Service — 8-step ordered contract:
  internal/service/agent_retire.go:RetireAgent(ctx, id, actor,
  opts{Force, Reason}) enforces a fixed execution order:
  (1) sentinel guard — IsSentinelAgent(id) returns ErrAgentIsSentinel
      unconditionally; force=true does NOT bypass it.
  (2) fetch — ErrAgentNotFound on miss.
  (3) idempotency — if IsRetired() already, return
      AgentRetirementResult{AlreadyRetired: true} with no new audit
      event and no state change (safe to replay from flaky clients).
  (4) preflight counts — collectAgentDependencyCounts runs
      ActiveTargets, ActiveCertificates, PendingJobs sequentially
      (not in parallel; keeps the per-query timeout predictable and
      matches the repo's existing call-chain shape).
  (5) force-reason guard — opts.Force=true with empty Reason returns
      ErrForceReasonRequired (wired into the 400 status surface).
  (6) dependency guard — HasDependencies() with opts.Force=false
      returns BlockedByDependenciesError{Counts} (wired into the 409
      body with per-bucket counts).
  (7) mutation — single pinned retiredAt := time.Now(); agent
      retirement first, then cascade target retirement if opts.Force,
      all under the repo's single transaction so the two retired_at
      stamps match to the second.
  (8) best-effort audit — agent_retired always; agent_retirement_
      cascaded additionally on the force path. Actor is whatever the
      handler resolves from the request; actor type is mapped by
      resolveActorType (system/agent-prefix→Agent/else→User). Audit
      emission failures are logged via slog.Error but do not abort
      the retirement (matches the house convention used by every
      other scheduler-emitted event).

  BlockedByDependenciesError implements Error() as
  "active_targets=%d, active_certificates=%d, pending_jobs=%d" and
  Unwrap() → ErrBlockedByDependencies.
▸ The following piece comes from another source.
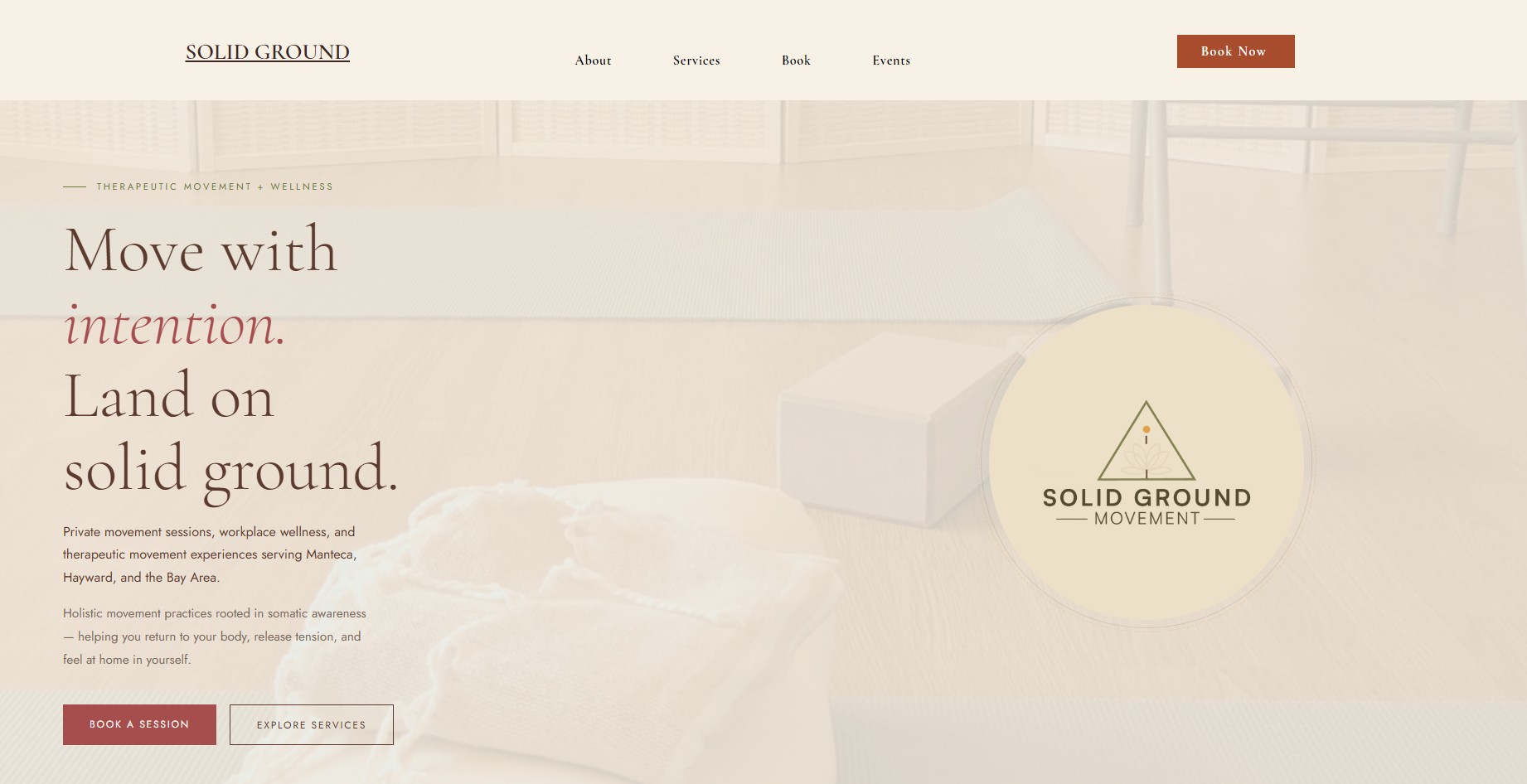 Solid Ground Movement website homepage designed by MyVA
The single struct satisfies
  errors.Is via Unwrap (used by scheduler-level tests) and errors.As
  via the concrete type (used by the handler to fish out Counts for
  the 409 body). ListRetiredAgents(page, perPage) adds a separate
  paginated accessor with page<1→1 and perPage<1→50 normalization so
  retired rows are queryable without polluting the default agent
  listing.

  Sentinel guard coverage is asymmetric by design: all four reserved
  IDs are protected, and force=true cannot override. Regression tests
  in internal/service/agent_retire_test.go assert each of the eight
  steps in order, plus sentinel bypass attempts and idempotency
  replay.

Handler + router — status-code surface:
  internal/api/handler/agents.go:RetireAgent exposes seven status
  codes on DELETE /agents/{id}:
    200 on a fresh retirement (body echoes AgentRetirementResult).
    204 on idempotent replay (AlreadyRetired=true; no new audit).
    400 on ErrForceReasonRequired.
    403 on ErrAgentIsSentinel.
    404 on ErrAgentNotFound.
    409 on BlockedByDependenciesError, with a custom body shape
        {error, counts{active_targets, active_certificates,
        pending_jobs}} that bypasses the default ErrorWithRequestID
        envelope so callers get the per-bucket numbers directly.
    500 on any other error.
  Heartbeat HandleHeartbeat returns 410 Gone when the agent is
  retired (ErrAgentRetired), signalling the agent to shut down.
  Query params `force=true` and `reason=<text>` drive the cascade
  path; both are forwarded as url.Values through the new MCP
  transport.

  internal/api/router/router.go registers GET /api/v1/agents/retired
  literal-path BEFORE /api/v1/agents/{id} — Go 1.22 ServeMux's
  literal-beats-pattern-var precedence routes "retired" to the
  paginated retired-agents listing instead of fetching a hypothetical
  agent named "retired".

Agent binary — clean shutdown on 410:
  cmd/agent/main.go gains the ErrAgentRetired sentinel, a
  retiredOnce sync.Once, and a retiredSignal chan struct{}. A
  markRetired(source, statusCode, body) helper closes the channel
  exactly once; the Run() select loop observes the close and returns
  ErrAgentRetired; main() matches via errors.Is(err, ErrAgentRetired)
  and exits cleanly instead of spinning in the heartbeat retry loop.
  The 410 Gone surface is therefore terminal for the agent process.

MCP transport:
  internal/mcp/client.go adds Client.DeleteWithQuery(path, query),
  a new additive transport method. Client.Delete is path-only; without
  this method the retire tool would silently drop `force` and `reason`,
  turning every cascade retire into a default soft-retire. The new
  method shares do()'s 204 normalization and 4xx/5xx error
  propagation so tool authors get one contract.
  internal/mcp/tools.go + internal/mcp/types.go expose the
  retire_agent tool with Force+Reason inputs wired through
  DeleteWithQuery.

CLI:
  cmd/cli/main.go + internal/cli/client.go add two CLI surfaces:
  `agents list --retired` (client-side strip of --retired then
  delegation to ListRetiredAgents, sharing --page/--per-page parsing
  with the default listing) and `agents retire <id> [--force --reason
  "…"]` (mirrors ErrForceReasonRequired — force without reason is
  rejected client-side before the request is sent). JSON + table
  output modes both honor the new columns.

Frontend:
  web/src/pages/AgentsPage.tsx surfaces retired/retire affordances.
  web/src/api/client.ts + web/src/api/types.ts expose the retire
  endpoint and the retired-listing. 4 new Vitest regression cases.

OpenAPI:
  api/openapi.yaml documents DELETE /agents/{id} with all seven
  status codes, 410 on heartbeat, and the 409 per-bucket body shape.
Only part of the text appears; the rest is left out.